■ **Task description**:
Please set down the lines of the listing exactly, from its first line to the line with "Alana online show from 12.13.24", leaving the pictures out.

■ **Material to process**:
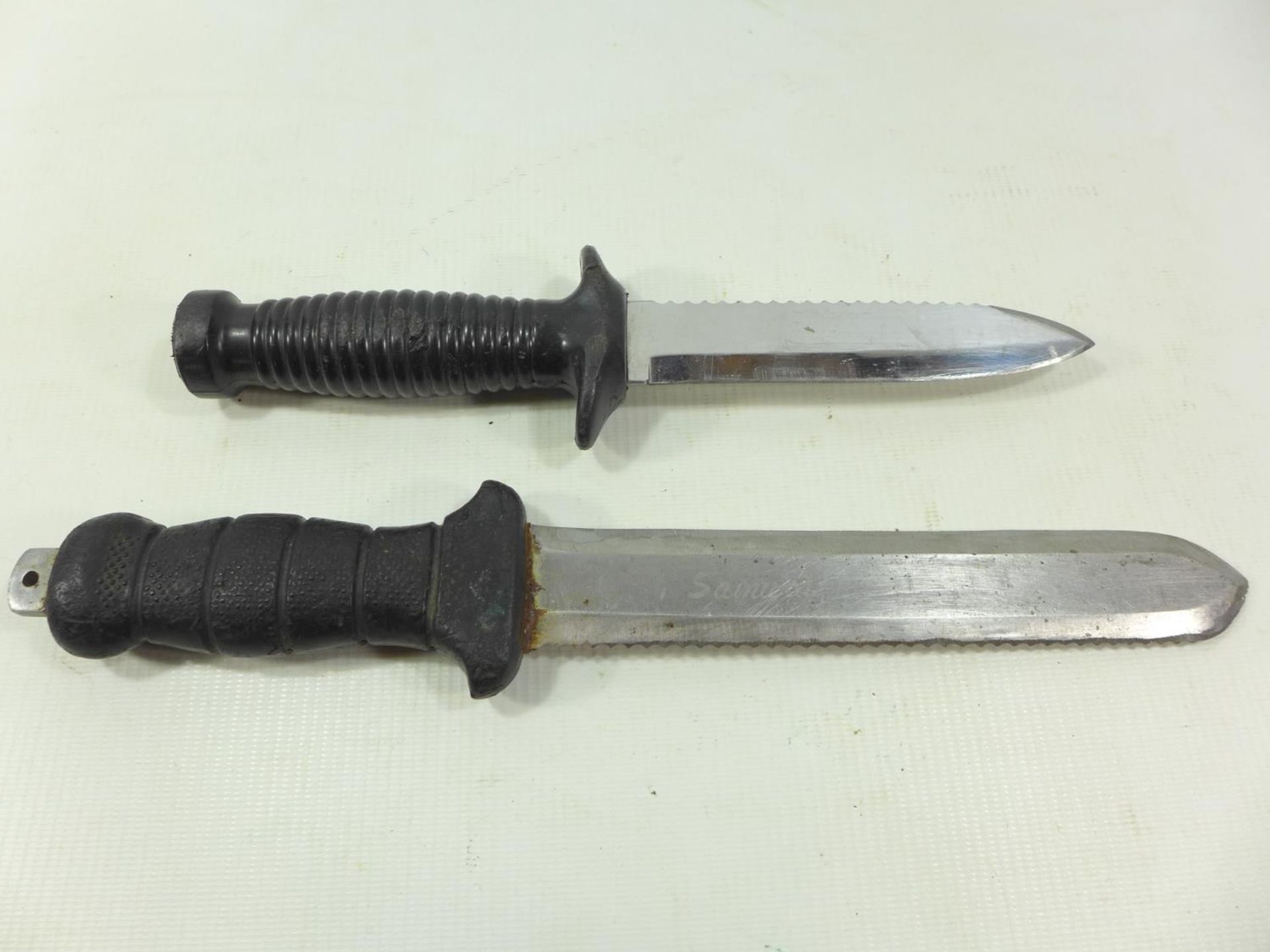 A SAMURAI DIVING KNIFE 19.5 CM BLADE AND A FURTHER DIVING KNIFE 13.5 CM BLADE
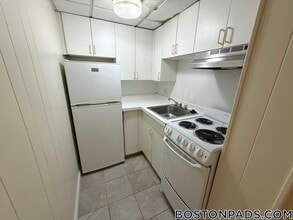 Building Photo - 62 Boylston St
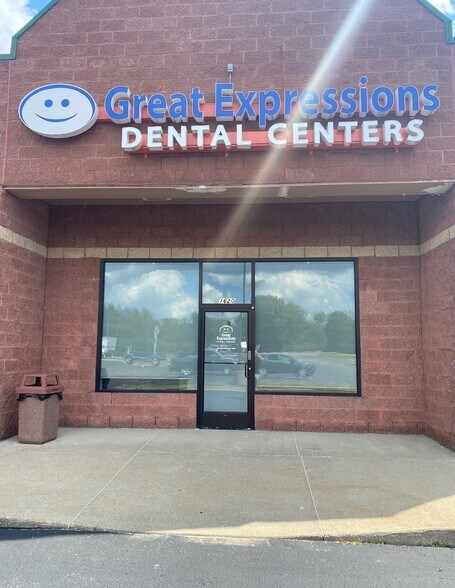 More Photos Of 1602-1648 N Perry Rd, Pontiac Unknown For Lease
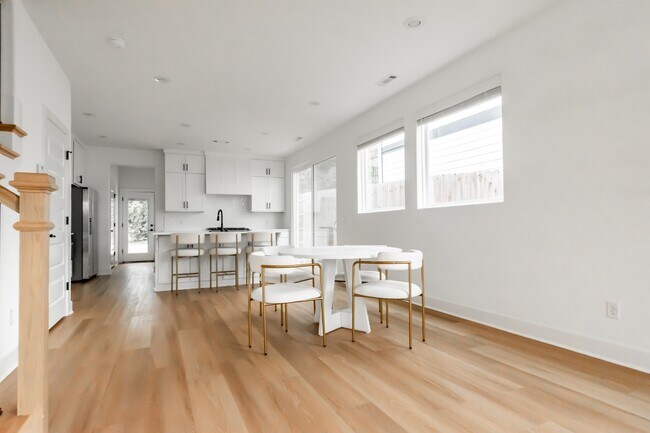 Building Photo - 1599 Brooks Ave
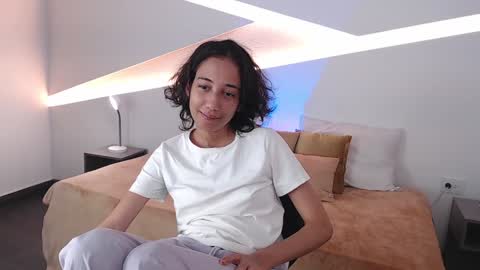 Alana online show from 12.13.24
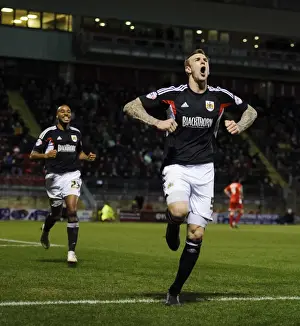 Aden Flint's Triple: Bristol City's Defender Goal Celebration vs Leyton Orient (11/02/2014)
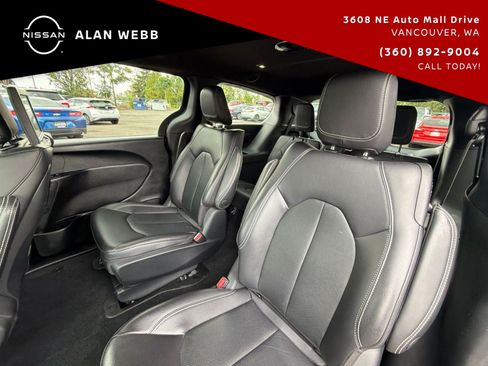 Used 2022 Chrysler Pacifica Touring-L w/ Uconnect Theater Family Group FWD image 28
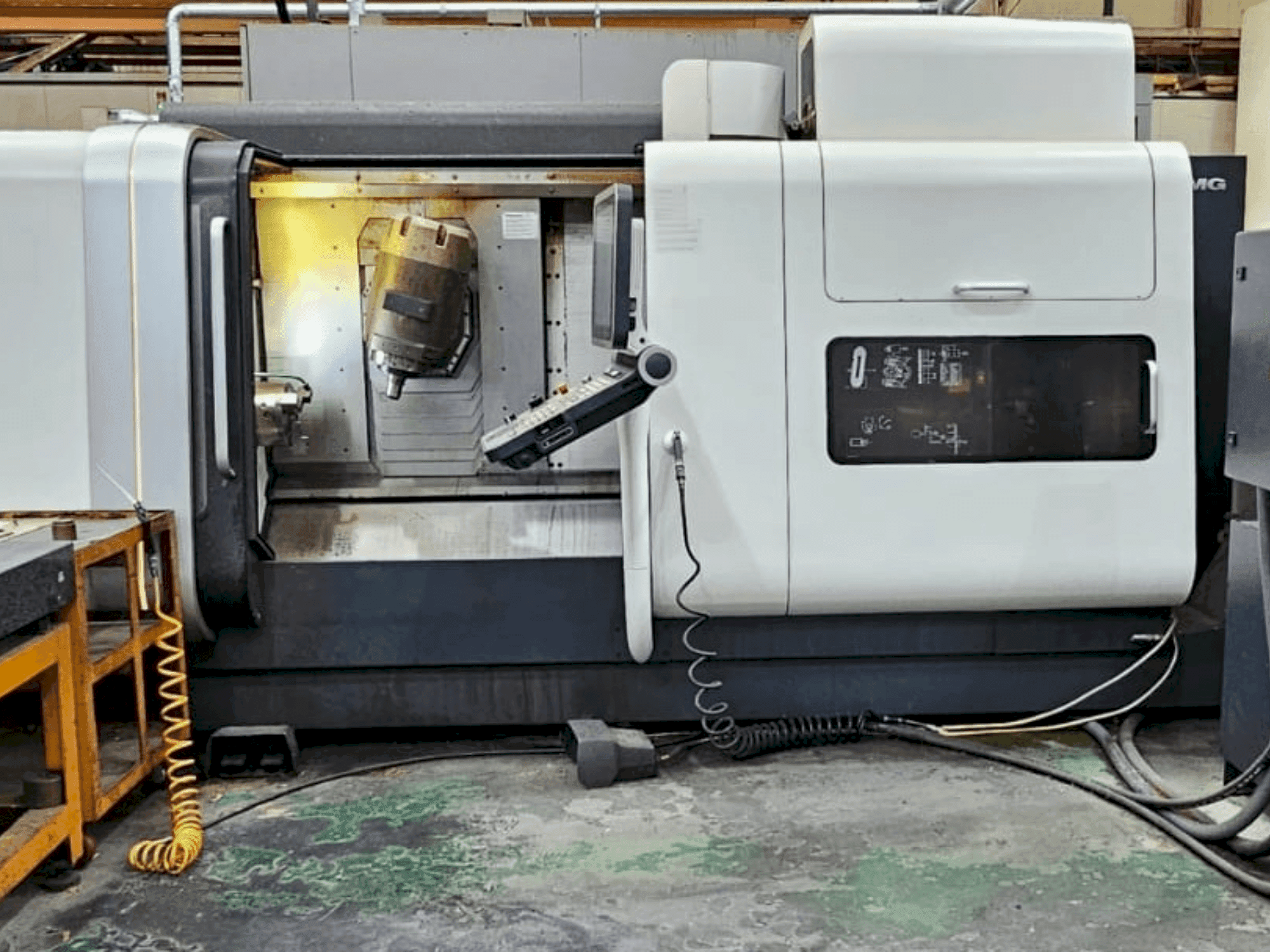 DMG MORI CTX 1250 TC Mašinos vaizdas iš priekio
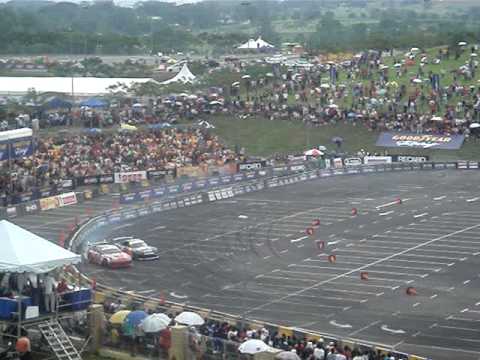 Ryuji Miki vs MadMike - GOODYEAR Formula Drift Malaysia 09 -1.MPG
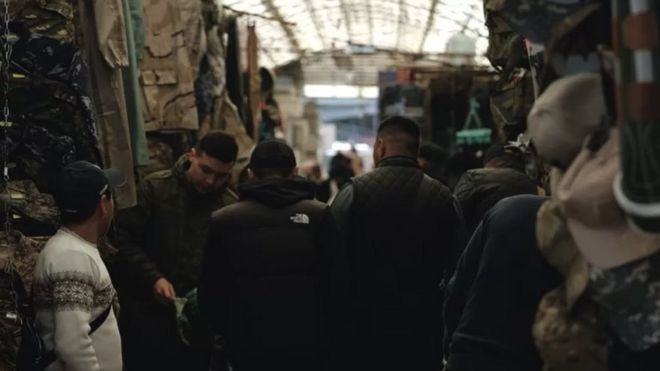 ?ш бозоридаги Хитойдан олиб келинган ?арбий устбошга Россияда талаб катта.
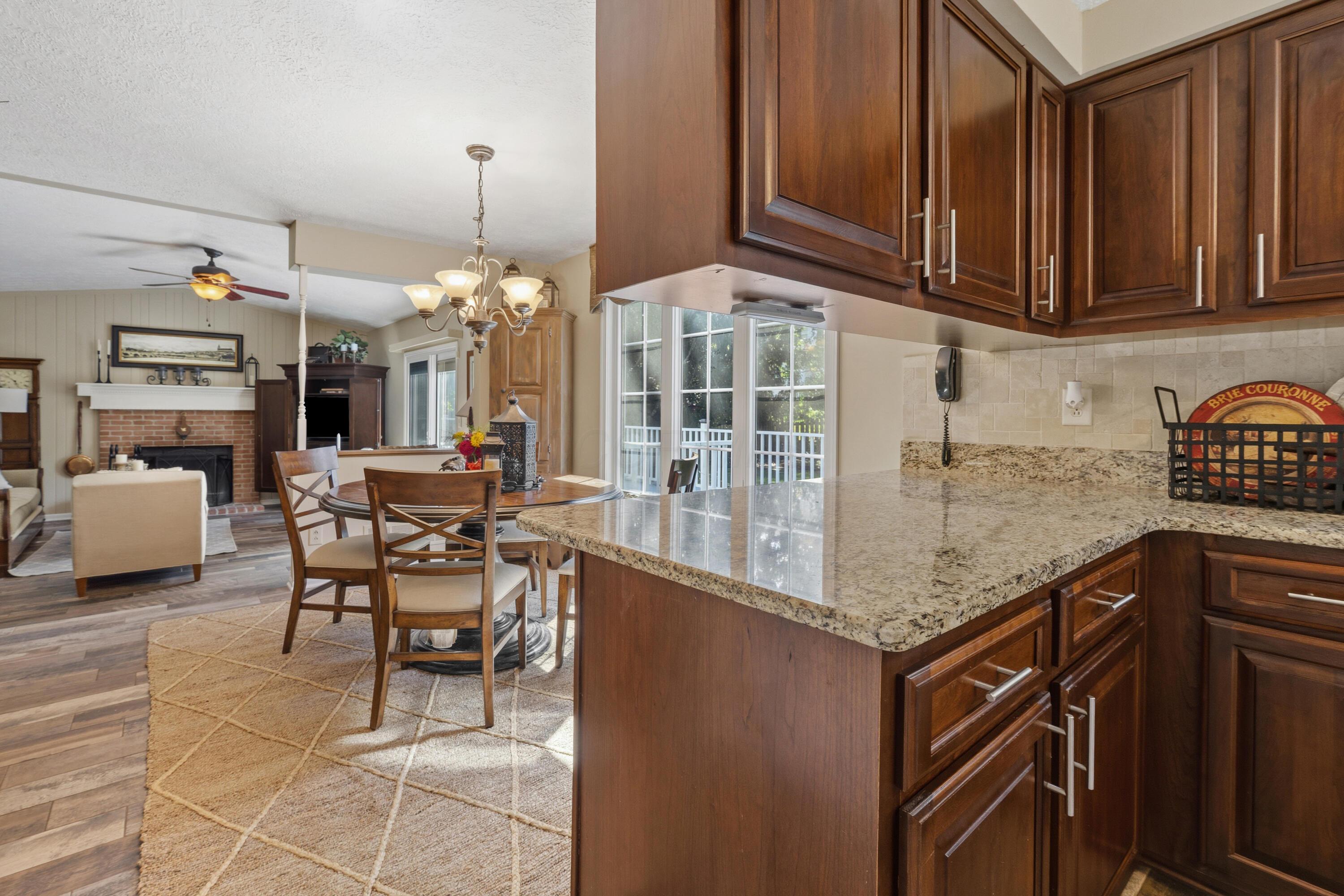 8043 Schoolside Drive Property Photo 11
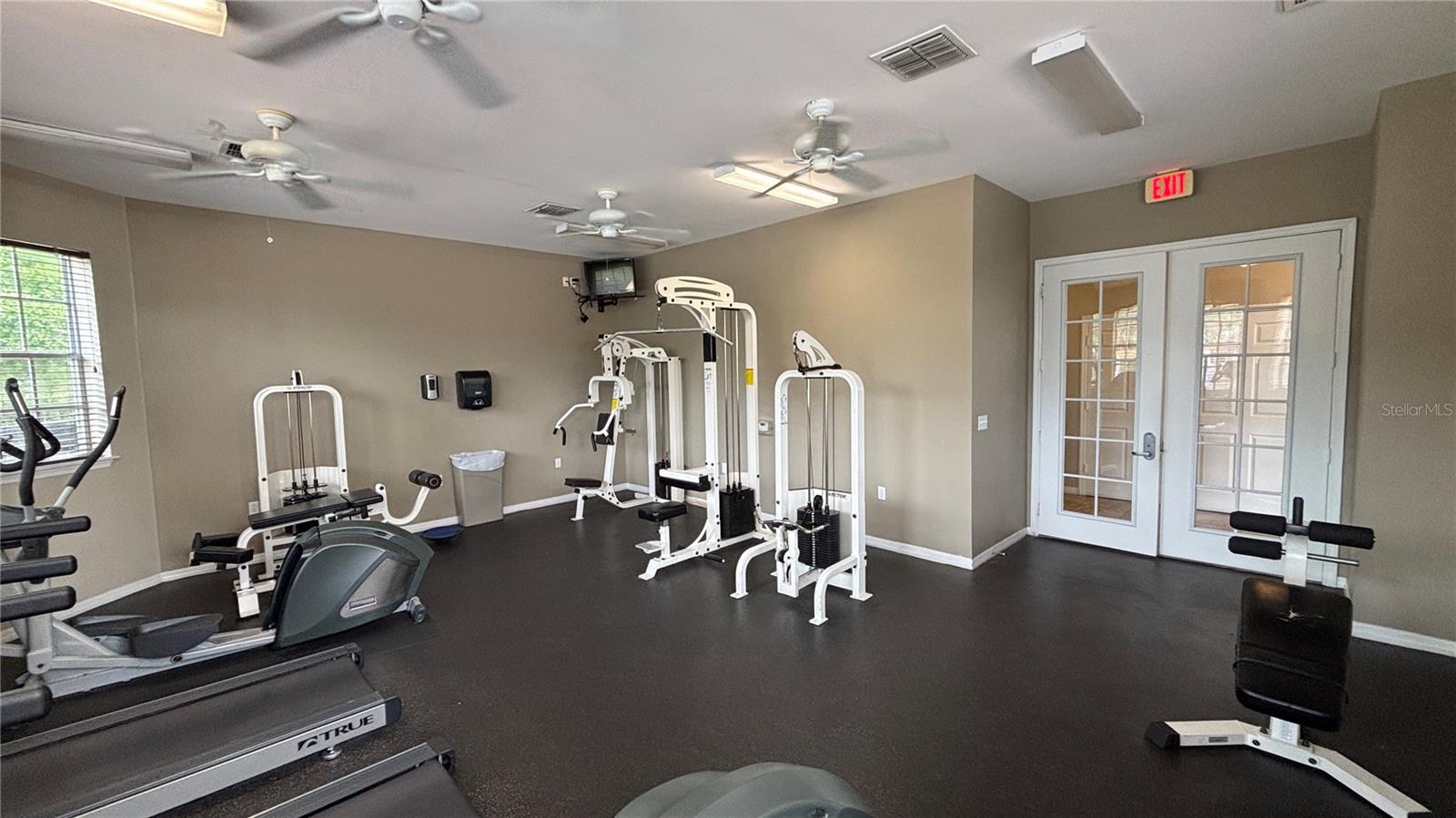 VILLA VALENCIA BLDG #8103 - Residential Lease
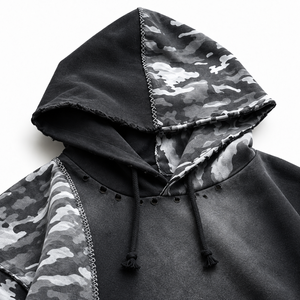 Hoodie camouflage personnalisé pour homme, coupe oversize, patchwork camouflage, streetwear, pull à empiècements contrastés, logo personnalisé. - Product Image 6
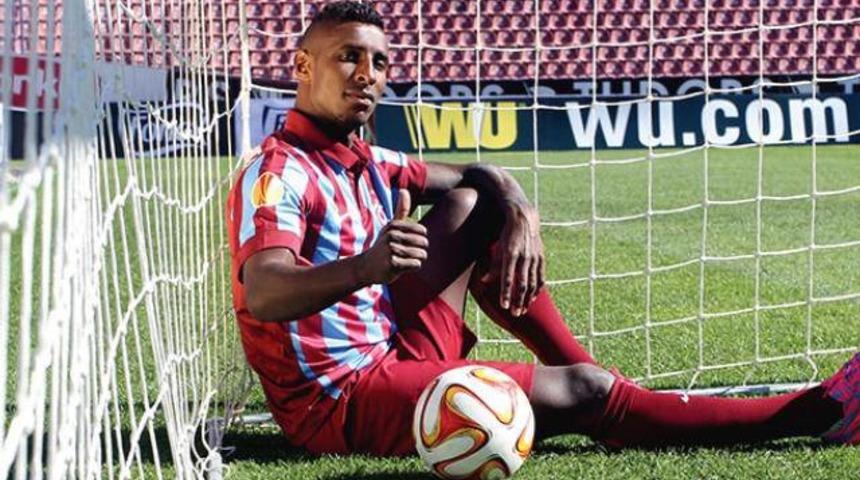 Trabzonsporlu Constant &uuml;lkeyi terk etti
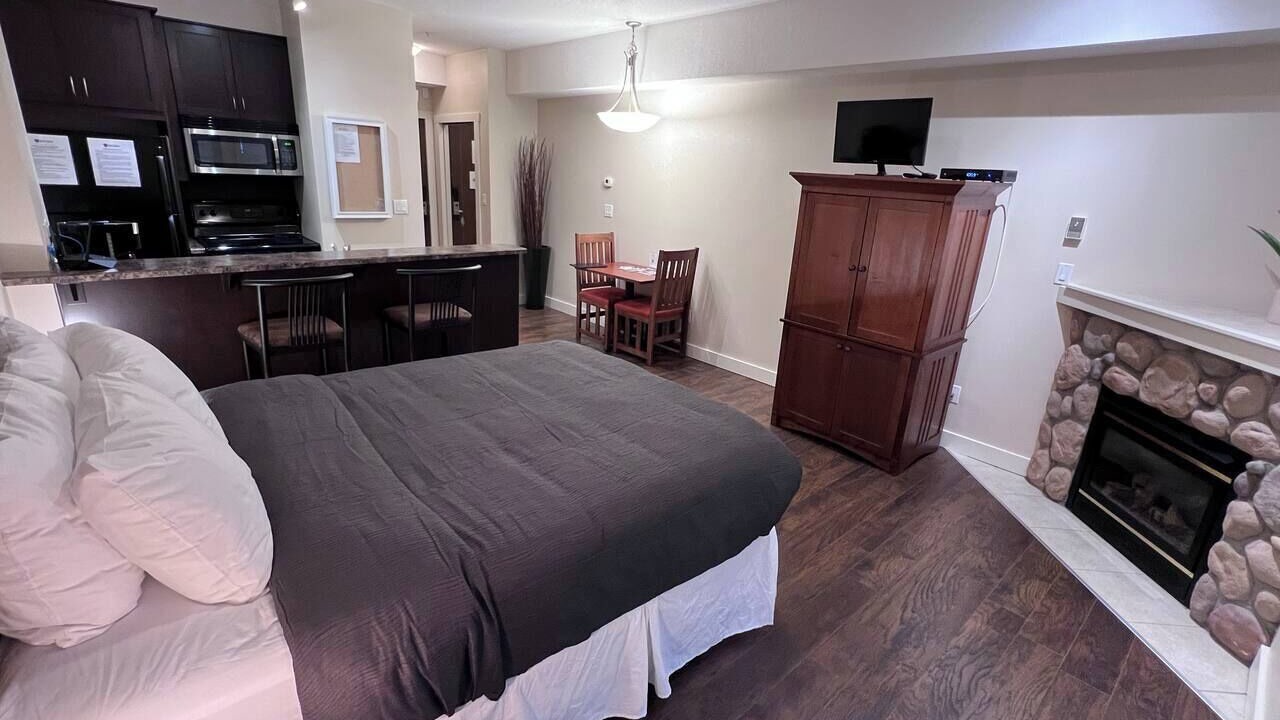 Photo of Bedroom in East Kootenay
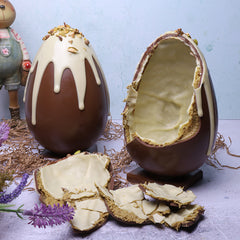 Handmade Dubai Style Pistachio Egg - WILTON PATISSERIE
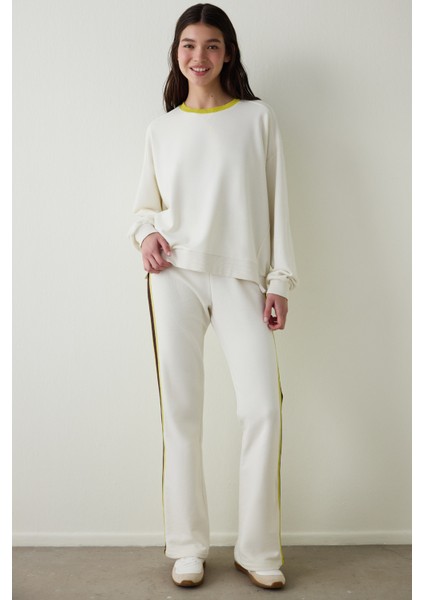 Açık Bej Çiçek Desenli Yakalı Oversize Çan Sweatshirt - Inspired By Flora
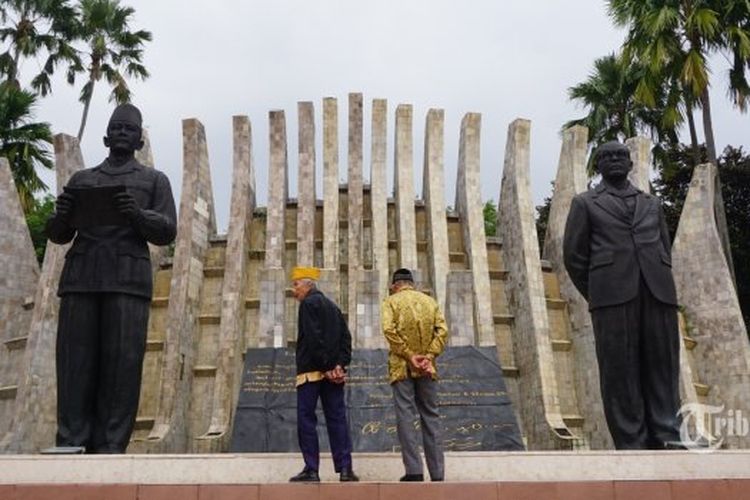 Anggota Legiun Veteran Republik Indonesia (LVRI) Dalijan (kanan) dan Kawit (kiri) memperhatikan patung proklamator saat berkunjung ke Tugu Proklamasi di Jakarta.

■ **Answer below**:
 A SAMURAI DIVING KNIFE 19.5 CM BLADE AND A FURTHER DIVING KNIFE 13.5 CM BLADE
 Building Photo - 62 Boylston St
 More Photos Of 1602-1648 N Perry Rd, Pontiac Unknown For Lease
 Building Photo - 1599 Brooks Ave
 Alana online show from 12.13.24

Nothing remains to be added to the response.